■ **What this task involves**
Copy out the data word for word, without any of its pictures.
Dataset content Block Start
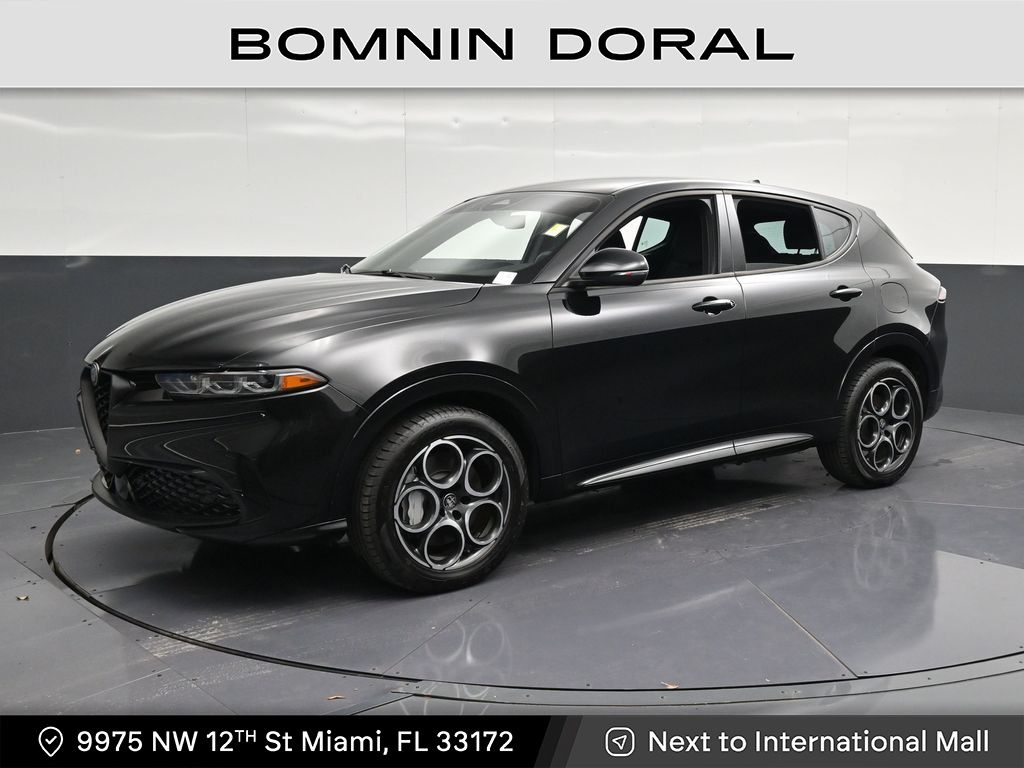 Alfa Black 2025 Alfa Romeo Tonale Hybrid 6-Speed Automatic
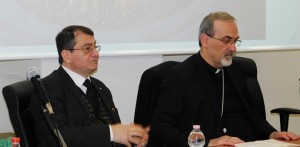 L'avv Crisileo con patriarca mons Pizzaballa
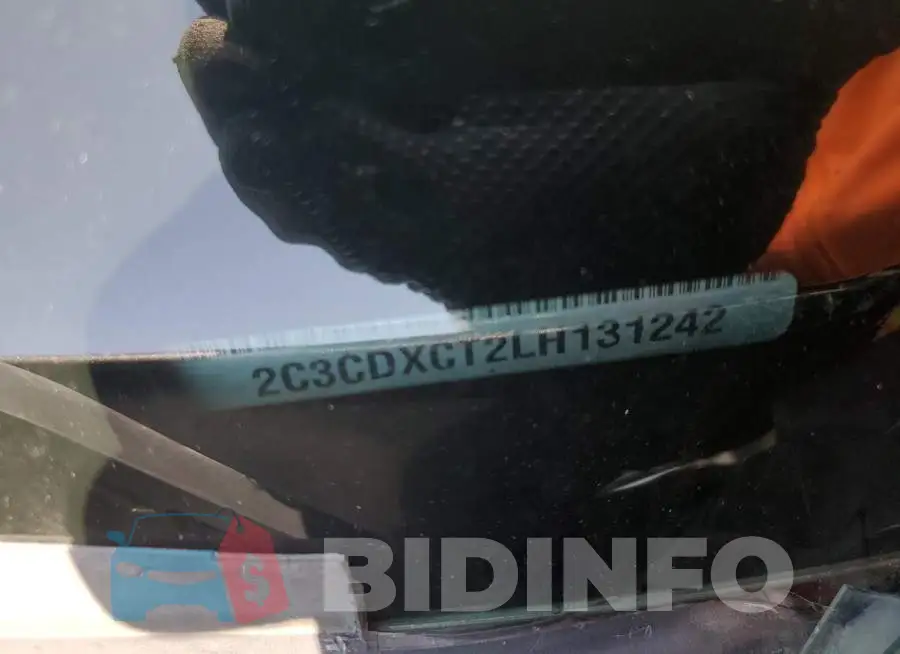 2C3CDXCT2LH131242 Photo# 12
Dataset content Block End
■ **Reply to the exercise**
 Alfa Black 2025 Alfa Romeo Tonale Hybrid 6-Speed Automatic
 L'avv Crisileo con patriarca mons Pizzaballa
 2C3CDXCT2LH131242 Photo# 12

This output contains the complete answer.